L’arresto di Settimo Mineo e la nuova stagione di Cosa Nostra: struttura e organizzazione della Mafia 2.0
Due dati emergono incontrovertibilmente dopo la cattura di Settimo Mineo, il nuovo Capo della Mafia palermitana: da un lato, la mai celata consapevolezza che Cosa Nostra sia ancora viva e vegeta nonostante “si veda” sempre meno; dall’altro, la rinnovata istituzione e operatività della Commissione provinciale. Ma se, di primo acchitto, questi due elementi sembrano non rappresentare una novità nella cronostoria della criminalità organizzata siciliana, bisogna leggere il dato sotto un altro punto di vista: in un periodo di indubbia flessione – anche – per le mafie italiane, Cosa Nostra siciliana è riuscita non solo a rimanere attiva, ma addirittura ha avuto modo e volontà di riattivare quello che la Magistratura ha definito “strumento di simildemocrazia” all’interno di quella che rimane comunque un’organizzazione verticistica. Non a caso, l’operazione che ha portato all’arresto del nuovo Boss Mineo è stata denominata “Cupola 2.0“. L’intento è quello di richiamare la ricomposizione della Commissione Provinciale che, a detta dei collaboratori di giustiza, non si sarebbe più riunita dal 1993, nel pieno della guerra che Totò Riina dichiarò allo Stato Italiano.

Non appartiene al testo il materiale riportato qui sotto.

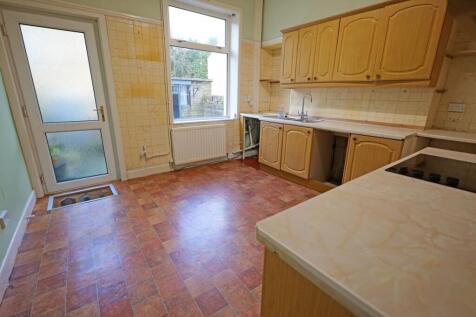 John Street, Earby, BB18 2 bed end of terrace house for sale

IL REGNO DI MINEO: AFFINITA’ E DIVERGENZE COL PREDECESSORE RIINA – Settimo Mineo è l’erede di Totò Riina (perchè è l’unico ad aver presieduto la Commissione dopo il Capomafia di Corleone), ma le strategie dei due boss appaiono essere ampiamente differenti. Quello di Riina era stato un “regno” assolutistico, costruito a immagine e somiglianza del Capo dei Capi che deteneva un potere incondizionato e incontrovertibile. La Cupola 2.0 – secondo quanto emerso dalle intercettazioni ambientali che hanno aiutato il capo della DDA Lo Voi a ricostruire dinamiche e struttura della nuova Mafia – aveva invece bisogno di un capo capace di mediare tra le vecchie e le nuove leve: questo è stato il ruolo ricoperto da Settimo Mineo, ex figlioccio del Capomafia Nino Rotolo e condannato per mafia già ai tempi del Maxiprocesso istituito da Giovanni Falcone.

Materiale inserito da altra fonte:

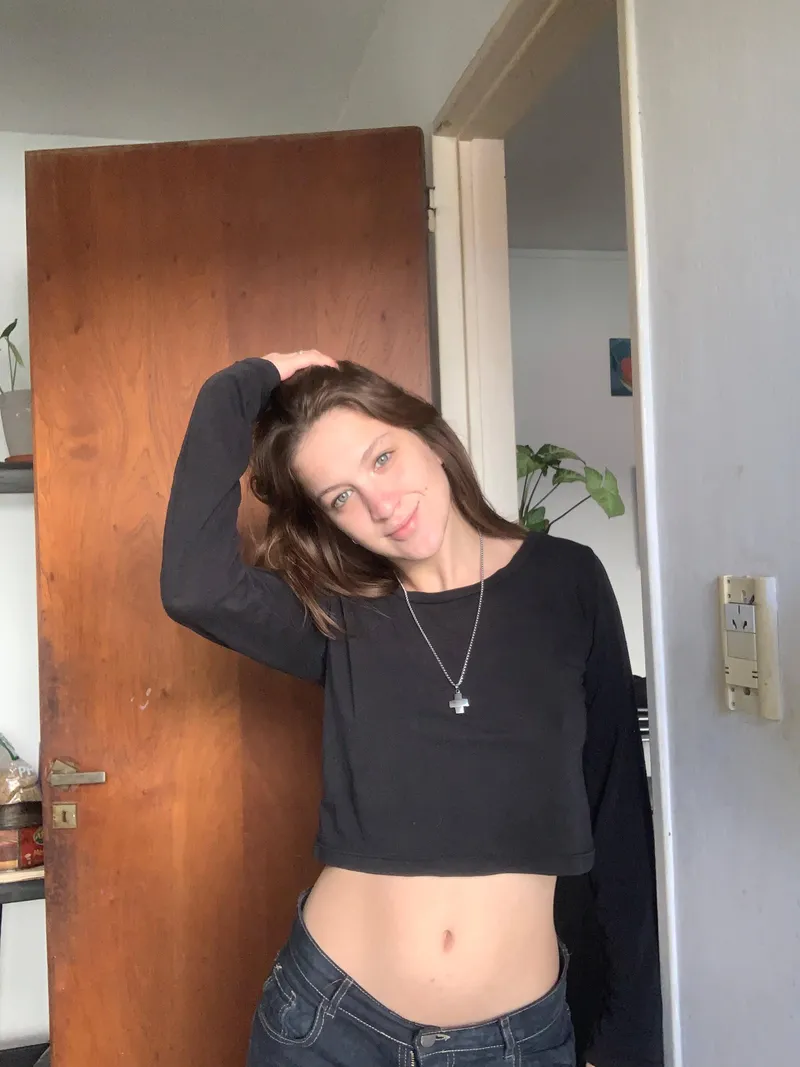Thumbnail Cozyheartedgirl Shares Why Nothing Beats a Good Crop Top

NIENTE TELEFONI E POCHI SPOSTAMENTI – Il Modus operandi del nuovo capo della Cupola ricorda quello di Bernardo Provenzano. Sempre attento agli spostamenti e fermamente contrario all’utilizzo dei telefoni, Mineo preferiva addirittura raggiungere a piedi i luoghi degli incontri con altri capiclan, con i quali aveva stabilito – secondo quanto emerso dalle intercettazioni a Francesco Colletti, capomafia di Villabate – una strategia di non invadenza territoriale.